BEGIN
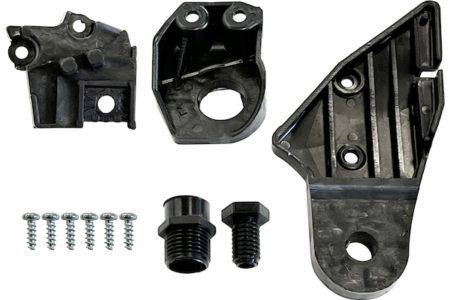 Kit Reparacion Faro Derecho Mercedes C W204 (3 Piezas-Soportes) (2011.03->)
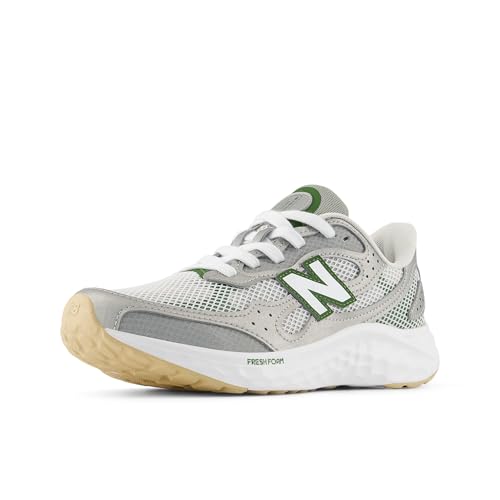 New Balance Women's Fresh Foam Arishi V4 Tira Lux Running Shoe, Raincloud/Silver Metallic/Dark Alpine Green, 9.5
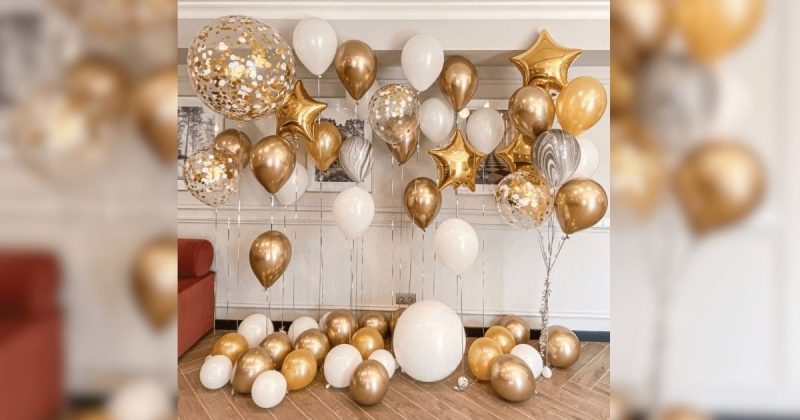 Balões são acessíveis e ótimos para a decoração de Ano Novo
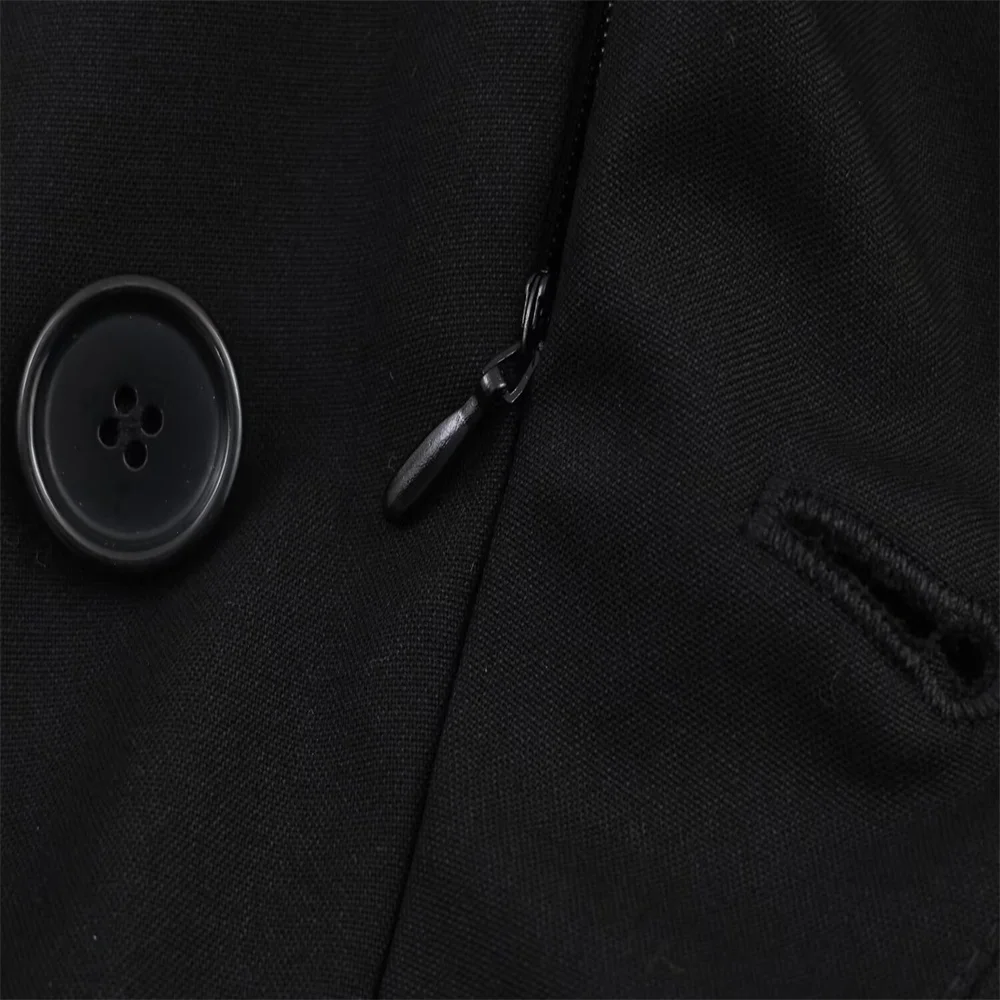 Осенний новый женский модный короткий двубортный костюм, стильный комбинезон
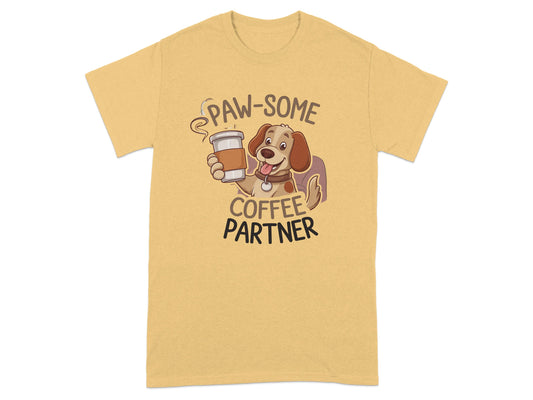 Paw-some Coffee Partner Graphic Tee product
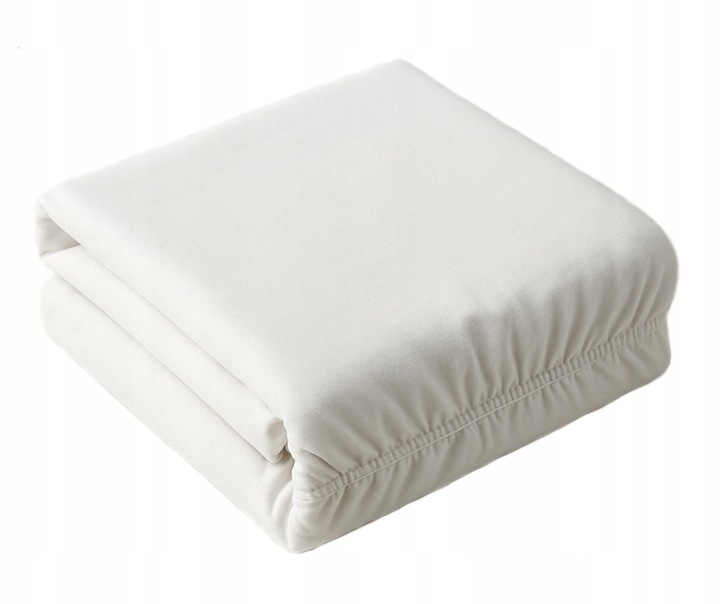 PRZEŚCIERADŁO Z GUMKĄ 100% BAWEŁNA OEKO-TEX GRUBE MIĘKKIE BIAŁE 90X200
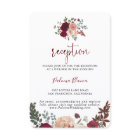 Burgundy Pink Blush Floral Wedding Reception 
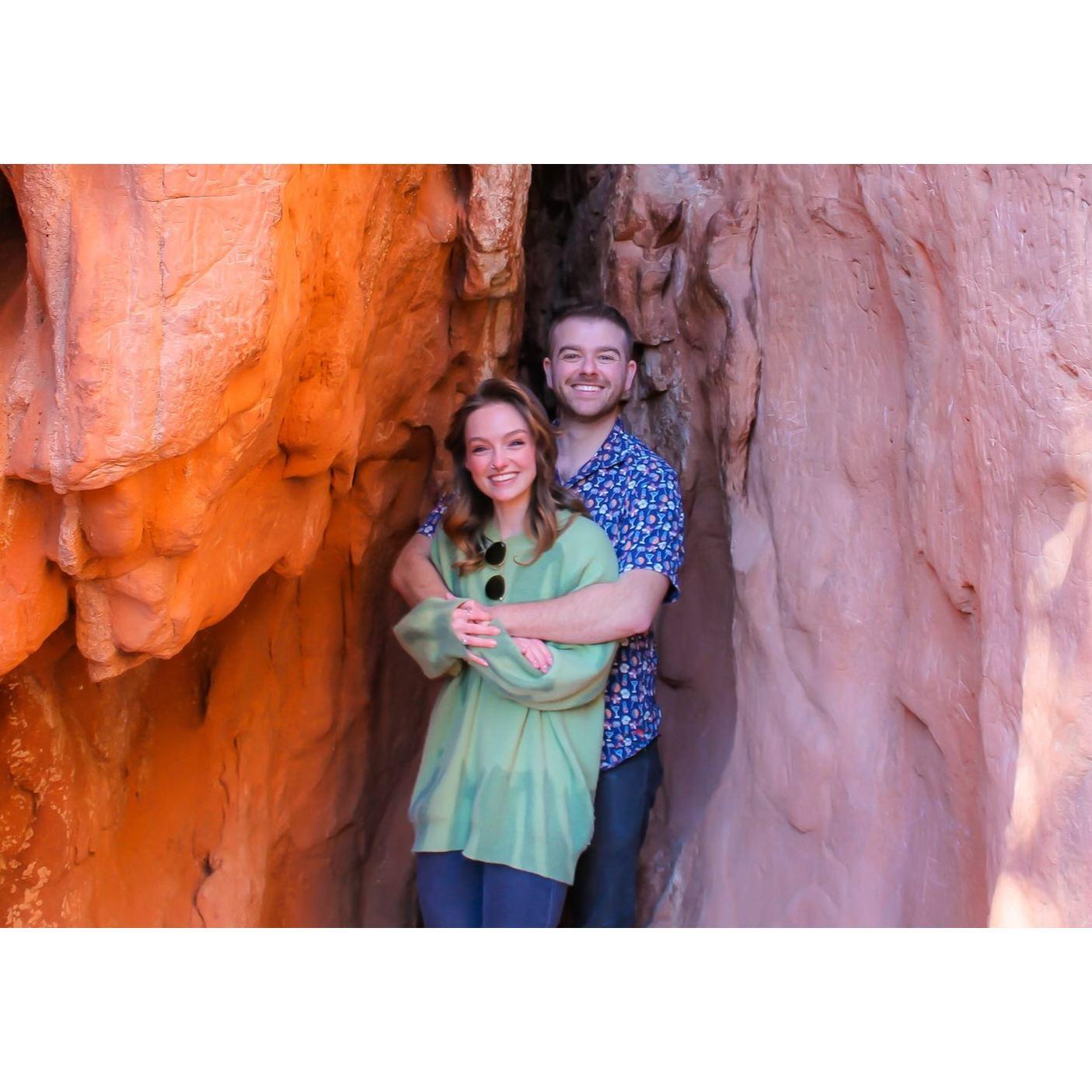Engagement day in Garden of the Gods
END
[ABOUT THIS EXERCISE] Without including any picture, repeat the data exactly.

[RESPONSE BOX]
 Kit Reparacion Faro Derecho Mercedes C W204 (3 Piezas-Soportes) (2011.03->)
 New Balance Women's Fresh Foam Arishi V4 Tira Lux Running Shoe, Raincloud/Silver Metallic/Dark Alpine Green, 9.5
 Balões são acessíveis e ótimos para a decoração de Ano Novo
 Осенний новый женский модный короткий двубортный костюм, стильный комбинезон
 Paw-some Coffee Partner Graphic Tee product
 PRZEŚCIERADŁO Z GUMKĄ 100% BAWEŁNA OEKO-TEX GRUBE MIĘKKIE BIAŁE 90X200
 Burgundy Pink Blush Floral Wedding Reception 
Engagement day in Garden of the Gods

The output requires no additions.